F - a map of pairs (p,e), with primes p, multiplicity e and with p**e divides mp and e maximal.

Returns:

s = -1 (not prime), 0 (unknown) or 1 (prime).

largePrimeDivisorSearch

public static long largePrimeDivisorSearch(long n,
                                           long a,
                                           long b)

Integer large prime divisor search. n is a positive integer with no prime divisors less than 17. 1 le a le b le n. A search is made for a divisor p of the integer n, with a le p le b. If such a p is found then np=n/p, otherwise p=1 and np=n. A modular version of Fermats method is used, and the search goes from a to b. See also SACPRIM.ILPDS.

Parameters:

n - integer to factor.

a - lower bound.

b - upper bound.

Returns:

p a prime factor of n, with a ≤ p ≤ b < n.

residueListFermatSingle

public static java.util.List<ModLong> residueListFermatSingle(long m,
                                                              long a)

Fermat residue list, single modulus. m is a positive beta-integer. a belongs to Z(m). L is a list of the distinct b in Z(m) such that b**2-a is a square in Z(m). See also SACPRIM.FRLSM.

Parameters:

m - integer to factor.

a - element of Z mod m.

Returns:

Lp a list of Fermat residues for modul m.

residueListFermat

public static java.util.List<ModLong> residueListFermat(long n)

Fermat residue list. n is a positive integer with no prime divisors less than 17. m is a positive beta-integer and L is an ordered list of the elements of Z(m) such that if x**2-n is a square then x is congruent to a (modulo m) for some a in L. See also SACPRIM.FRESL.

Parameters:

n - integer to factor.

Returns:

Lp a list of Fermat residues for different modules.

getUZ210

public static java.util.List<java.lang.Long> getUZ210()

Compute units of Z sub 210. See also SACPRIM.UZ210.

Returns:

list of units of Z sub 210.

factors

public static java.util.SortedMap<java.math.BigInteger,java.lang.Integer> factors(java.math.BigInteger n)

Integer factorization. n is a positive integer. F is a list (q(1), q(2),...,q(h)) of the prime factors of n, q(1) le q(2) le ... le q(h), with n equal to the product of the q(i).
In JAS F is a map. See also SACPRIM.IFACT, uses Pollards rho method.

Parameters:

n - integer to factor.

Returns:

a map of pairs of numbers (p,e) with p**e divides n.

factorsPollardRho

public static void factorsPollardRho(java.math.BigInteger n,
                                     java.util.SortedMap<java.math.BigInteger,java.lang.Integer> F)

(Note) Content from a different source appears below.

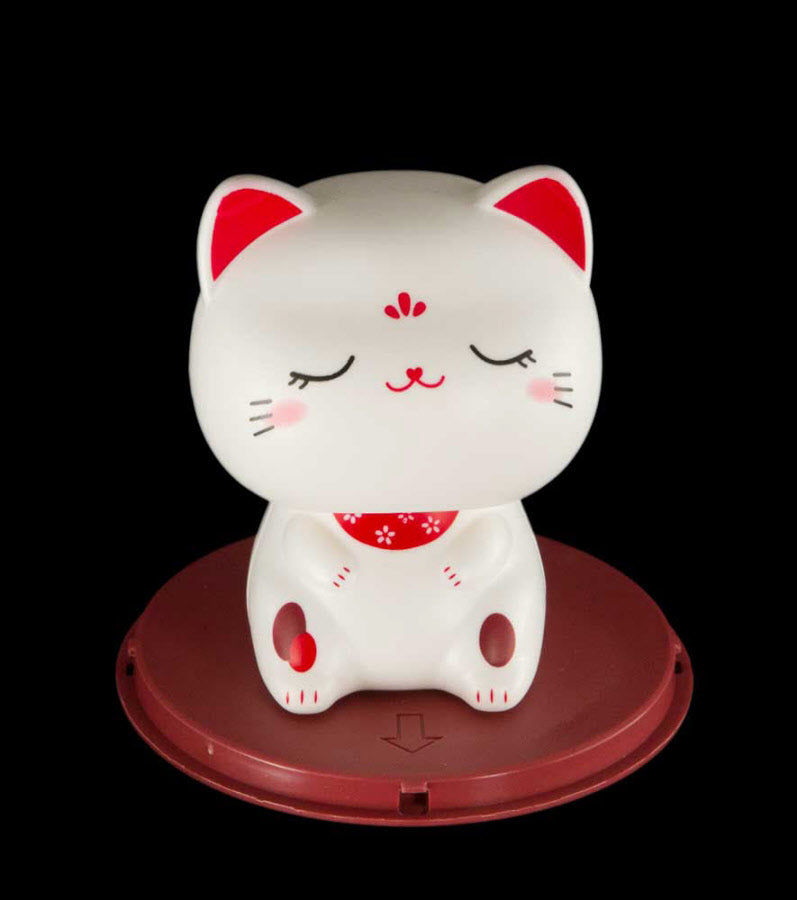 Chat Chinois Solaire Maneki Neko Blanc Yeux Fermés  – Figurine à Tête Animée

Integer factorization using Pollards rho algorithm. n is a positive integer. F is a list (q(1), q(2),...,q(h)) of the prime factors of n, q(1) le q(2) le ... le q(h), with n equal to the product of the q(i).
In JAS F is a map.

Parameters:

n - integer to factor.

F - a map of pairs of numbers (p,e) with p**e divides n and p is probable prime, F is modified.

factorsPollardRho

public static void factorsPollardRho(long n,
                                     java.util.SortedMap<java.lang.Long,java.lang.Integer> F)

Integer factorization using Pollards rho algorithm. n is a positive integer. F is a list (q(1), q(2),...,q(h)) of the prime factors of n, q(1) le q(2) le ... le q(h), with n equal to the product of the q(i).
In JAS F is a map.

Parameters:

n - integer to factor.

F - a map of pairs of numbers (p,e) with p**e divides n and p is probable prime, F is modified.